- I understand where Doug is coming from but don't know that we have a
solution that is actually workable at this time for high use camping
For example, the HHs are probably the most used backpacking hammocks
and most of their models (maybe all?) use small diameter rope with
tree hugger straps. I used one myself for about a year and am familar
with what the tree hugger straps will do... and what they won't do.
What they won't do is assure that anyone using a HH won't damage a
tree. First I have seen where folks didn't bother using the tree
hugger straps because they didn't think they needed them (and you have
to admit they add a degree of difficulty in hanging the hammock).
Well, they did need them and they where very caring folks, just first
time hammockers that didn't understand the problem. Second the length
of the tree huggers is fixed and doesn't always work out to be the
length you need and this can easily leave part of the tree subject to
the small diameter rope... I marked tree(s) myself because of that
until someone told me their techniques to overcome this design oversight.
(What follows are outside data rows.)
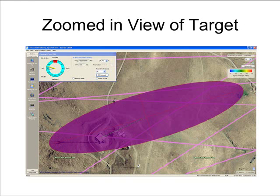This slide shows the same information as the previous slide but is a zoomed-in view of the fixed point and the target emitter, showing that the emitter is within the error ellipse and very close to the calculated fixed point.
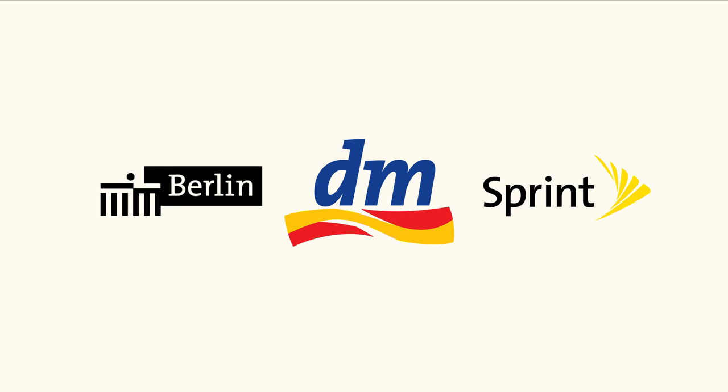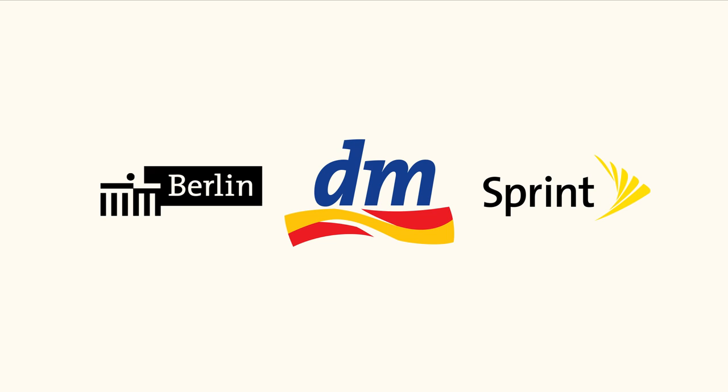Thesis has seen widespread use in Europe and the rest of the world. Lucas de Groot, the modern type designer from Holland.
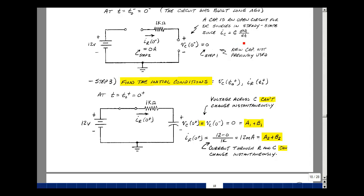If it did jump instantaneously, you would have to provide an infinite current, which we can't do. So it's equal to what it was before — zero — and that's going to be a1 plus b1 times e to the zero, which equals one. So I know that a1 plus b1 equals zero. Now for the current in the resistor once the switch closes: that's 12 volts minus zero over 1k, which is 12 milliamps, equal to a2 plus b2.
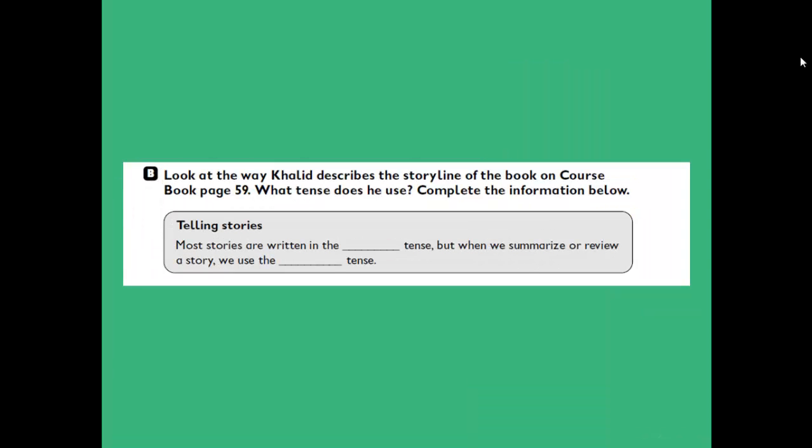Now let's move to our workbook, exercise number B. Look at the way Khalid describes the storyline of the book on coursebook page 59. What tense does he use? Complete the information below. When telling stories, you can use past tenses in its three forms — past simple, past continuous, and past perfect — or in other occasions we can use present tense in its three forms: present simple, present continuous, and present perfect.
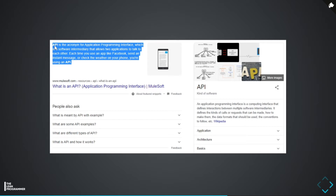Let's dig deeper into the definition itself. It says that it's a sort of software intermediary which allows two applications to talk to each other — as simple as that. There might be one application running in India and another running in the US, and through APIs we can actually interact with each other.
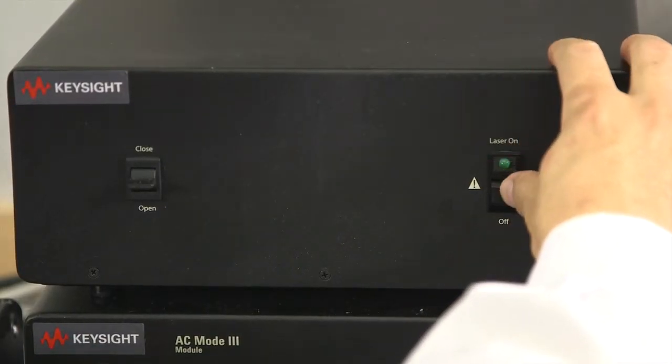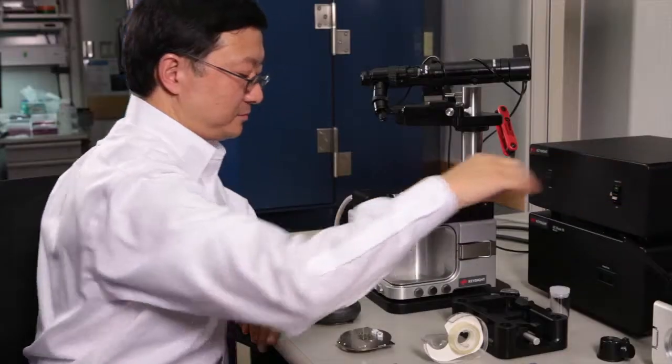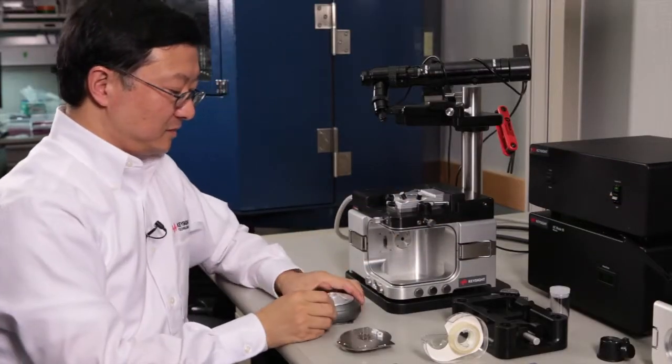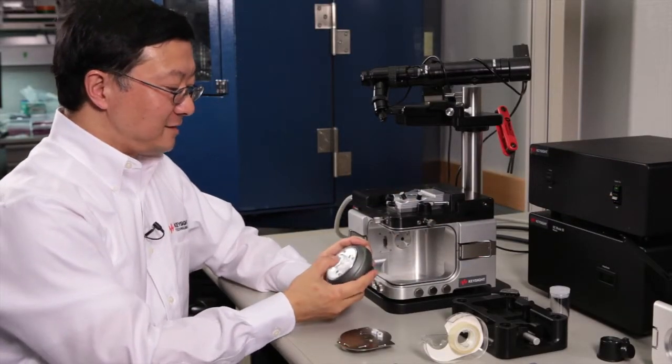Turn on your laser power. Turn on your LED light.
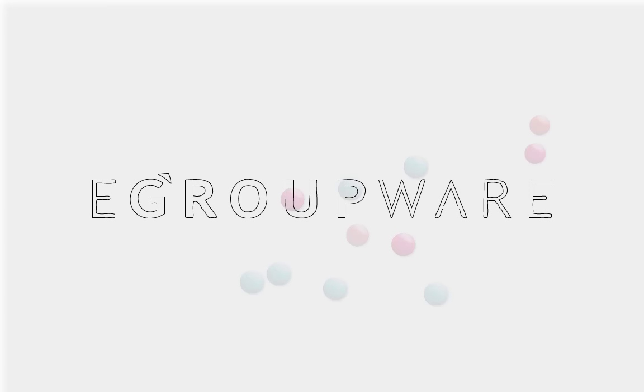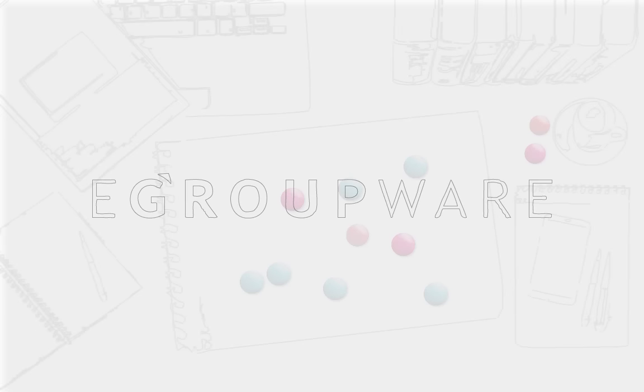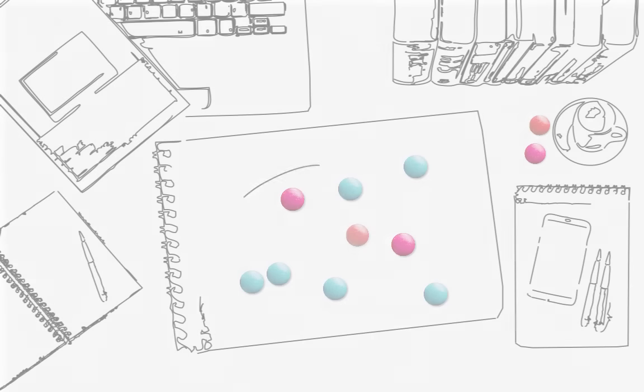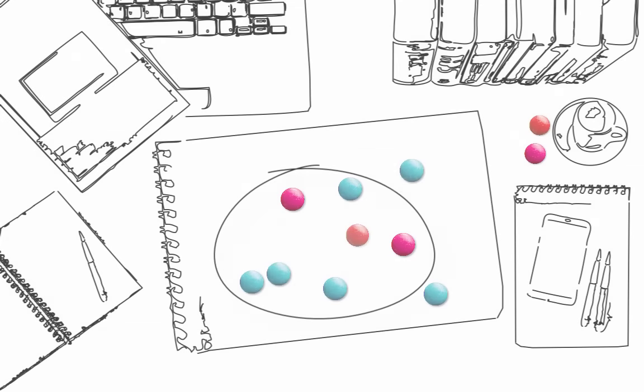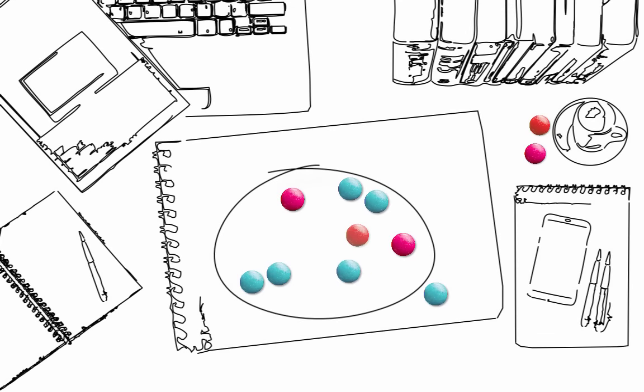Welcome to eGroupware. Today everything is about organization and efficiency.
My point is that just saying "use webbing" isn't a solution at this
point unless you want to ban any hammock that uses any rope on the
support straps... and I'm not sure that would really solve all the
problems of hanging hammocks to trees. We also haven't addressed the
tarp issue! We hang those to trees also and often use thin cord that
can mark trees as well... and I do realize that Ed uses a four wrap
knot that helps with this, but not every tree is small enough in
diameter to accomodate four wraps of the cord lengths that we
typically use for tarps. What we need is a well thought out plan that
addresses the problems in a way that hammock campers using a wide
array of different hammocks can live with and the folks in charge of
protecting and preserving campsites feel okay with. At this point in
time, I don't know what that is. I also don't know the process that
will yield this result unless it is to use hammock stands, one the
user brings or ones the campsite provides. Maybe we should open this
up to discussion and suggestions as it sounds like an excellent topic
for this forum? If we do discuss it I think the first discussion
should be whether more stringent requirements should be placed on high
use campsites, ie campgrounds, than on backpacking in forest areas
where you don't have concentrated use.
--- In email@example.com, "dlfrost_1" <dlfrost@a...> wrote:
> --- In firstname.lastname@example.org, "Bill in Houston"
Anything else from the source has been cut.